Those are the adjectives that first come to mind while reading Kara Goucher’s memoir.
Goucher is the distance runner who was a two-time Olympian and World Championships silver medalist, living and training in Portland from 2004-11 while being coached by Alberto Salazar with the Nike Oregon Project group. In 2021, Salazar was permanently banned by the U.S. Olympic and Paralympic Committee for doping offenses with his athletes and also violations involving emotional and sexual misconduct.
Goucher was at the center of that. For years, she writes in the book, she endured the abuse with little or no protest, protecting her Nike contract while clinging to the belief that Salazar had her best interest in mind. The coach stepped over the boundary enough times — including a couple of instances of sexual abuse — to help convince her to lead the way in exposing Salazar’s cheating and misconduct.
I interviewed Goucher a couple of times during her peak years as a runner. Her career story is a good one. Her father was killed by a drunk driver when she was four, and she had issues with her stepfather. Running was her saving grace. Goucher was an NCAA champion at Colorado but really came on after she moved to Portland and joined NOP, becoming world class in the 10,000 meters and marathon.

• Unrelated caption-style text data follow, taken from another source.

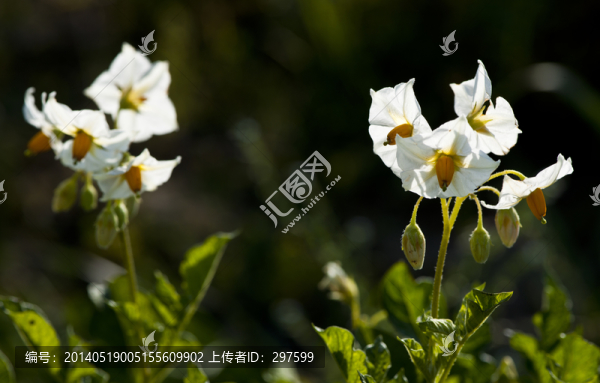 永靖徐頂
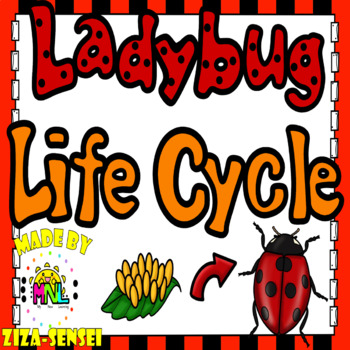 Preview of Ladybug Life Cycle Science Pack 2nd Grade Flip Book Included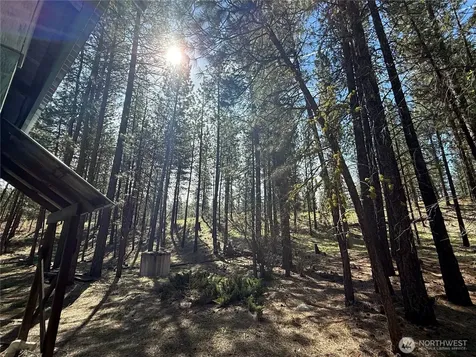 87 Larkspur Drive Winthrop WA 98862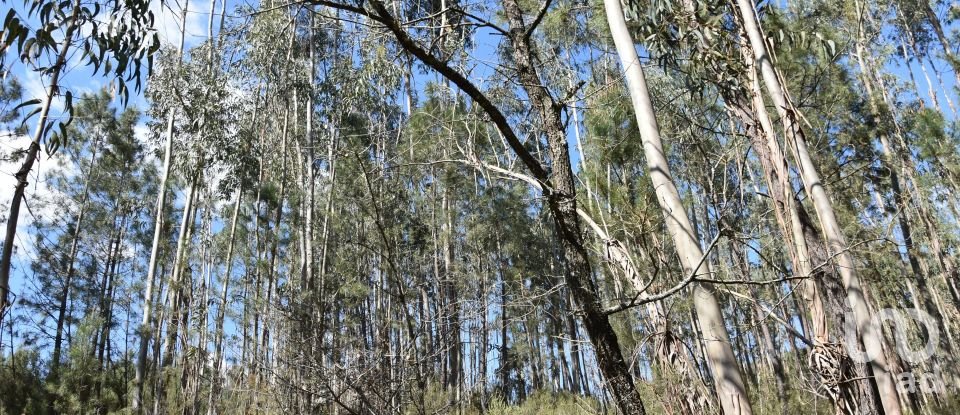 Terrain à Rio de Couros e Casal dos Bernardos de 7 590 m²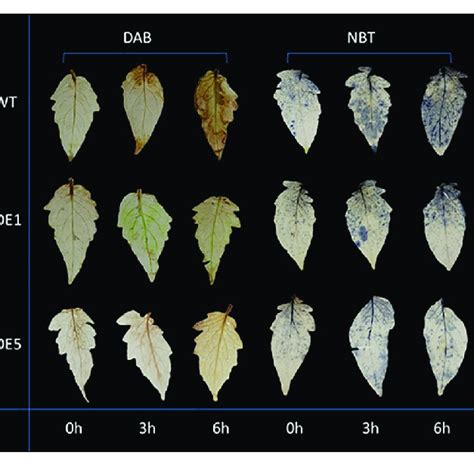 Dab And Nbt Staining Of Tomato Leaves The Yellow And Blue Colors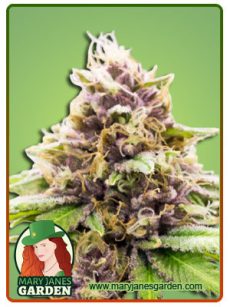 Grand Daddy Purple Auto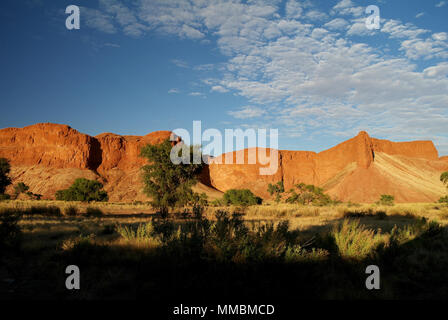 Dunes pétrifiées au coucher du soleil dans le désert de Namib Banque D'Images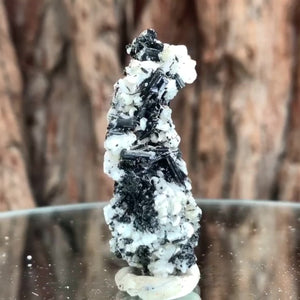5cm 14g Black Tourmaline from Gon Mine, Shigar, Gilgit-Baltistan, PK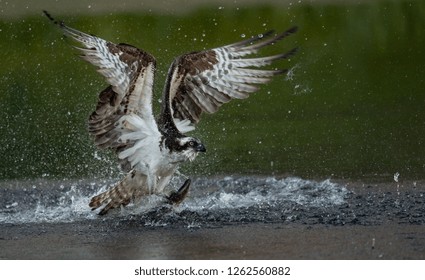 An Osprey Fishing 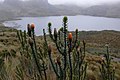 Chukirawa, Cajas mama llaqta parkipi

Kara wanted to stay clean, wants her sport to be clean, and has been a leading proponents of developing guard rails to prevent performance-enhancing drugs from taking over international track and field. Her book reflects the strength she found to battle two behemoths (Nike, which stood behind Salazar until the final USOPC ruling, and Salazar himself) and quelled the inner demons that tormented her for years.